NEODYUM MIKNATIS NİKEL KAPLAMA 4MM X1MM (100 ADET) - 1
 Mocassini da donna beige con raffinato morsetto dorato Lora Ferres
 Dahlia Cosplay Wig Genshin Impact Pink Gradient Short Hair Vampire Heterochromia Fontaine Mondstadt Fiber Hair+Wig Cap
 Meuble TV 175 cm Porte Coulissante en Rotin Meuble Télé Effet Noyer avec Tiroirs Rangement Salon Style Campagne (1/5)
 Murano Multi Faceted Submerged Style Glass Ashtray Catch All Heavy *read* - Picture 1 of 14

--

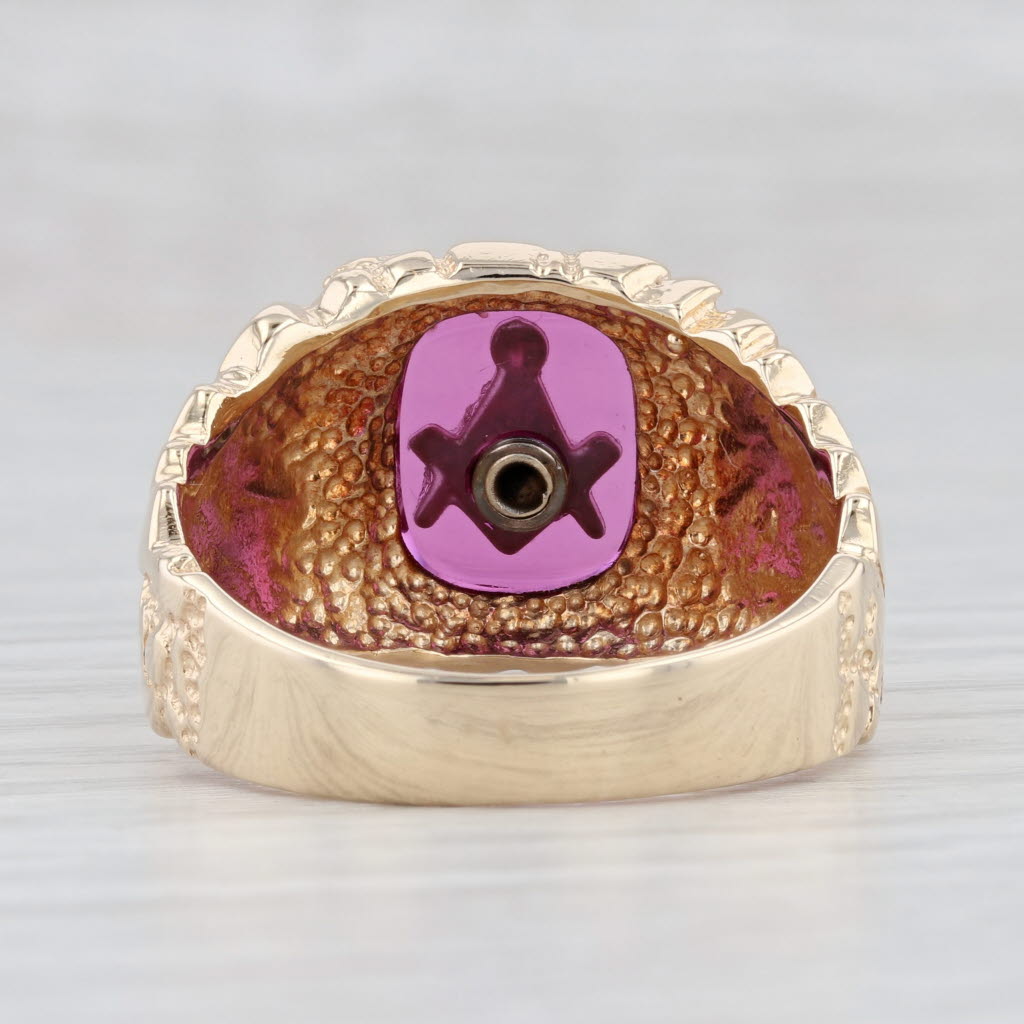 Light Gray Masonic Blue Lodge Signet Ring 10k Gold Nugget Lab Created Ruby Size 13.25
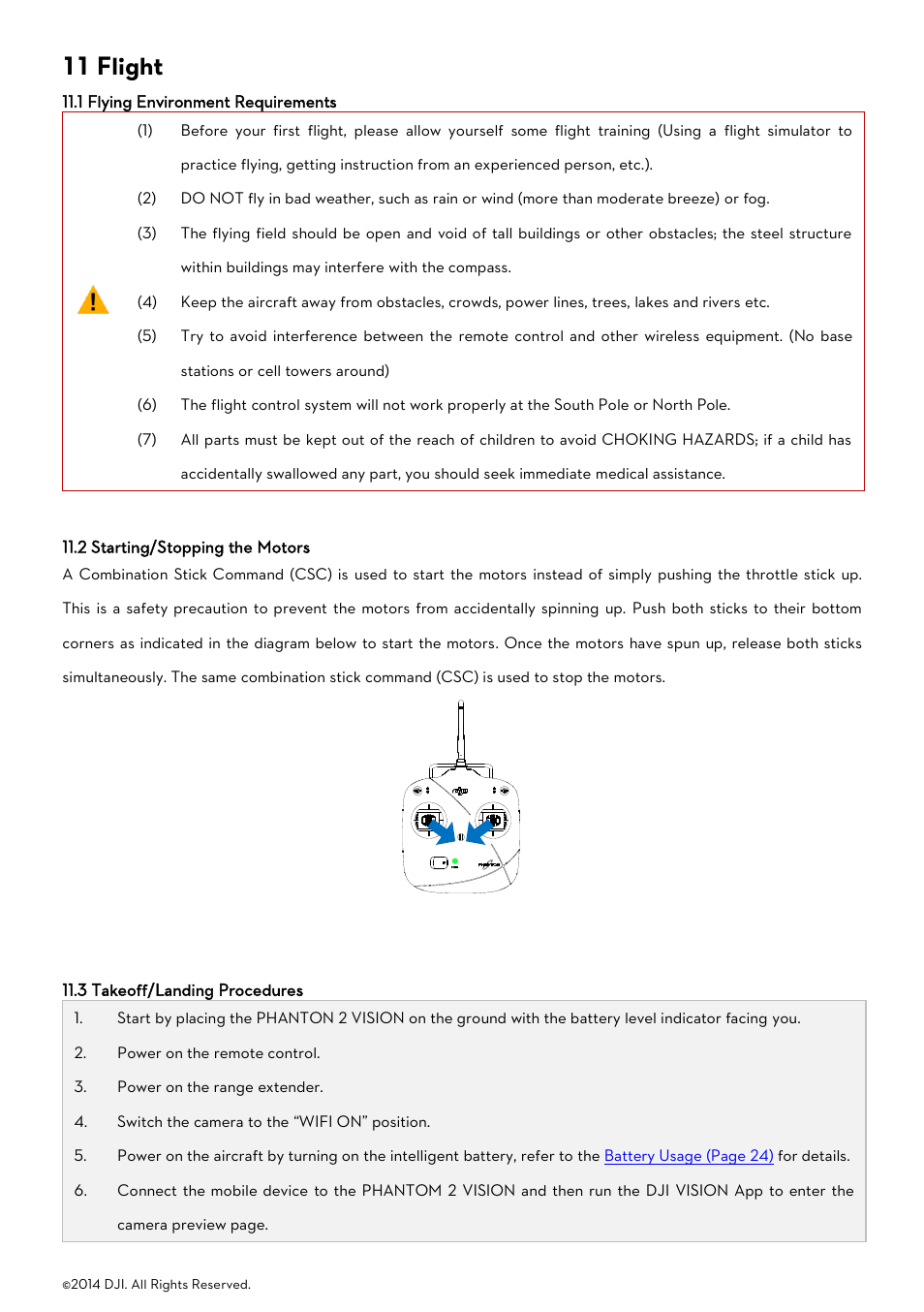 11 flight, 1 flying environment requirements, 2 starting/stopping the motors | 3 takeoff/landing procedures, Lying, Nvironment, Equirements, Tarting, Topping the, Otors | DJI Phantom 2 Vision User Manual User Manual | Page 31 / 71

How to complete this task - Scan the records for the string "Style" and report each line where it occurs.

Result of the exercise -
 Meuble TV 175 cm Porte Coulissante en Rotin Meuble Télé Effet Noyer avec Tiroirs Rangement Salon Style Campagne (1/5)
 Murano Multi Faceted Submerged Style Glass Ashtray Catch All Heavy *read* - Picture 1 of 14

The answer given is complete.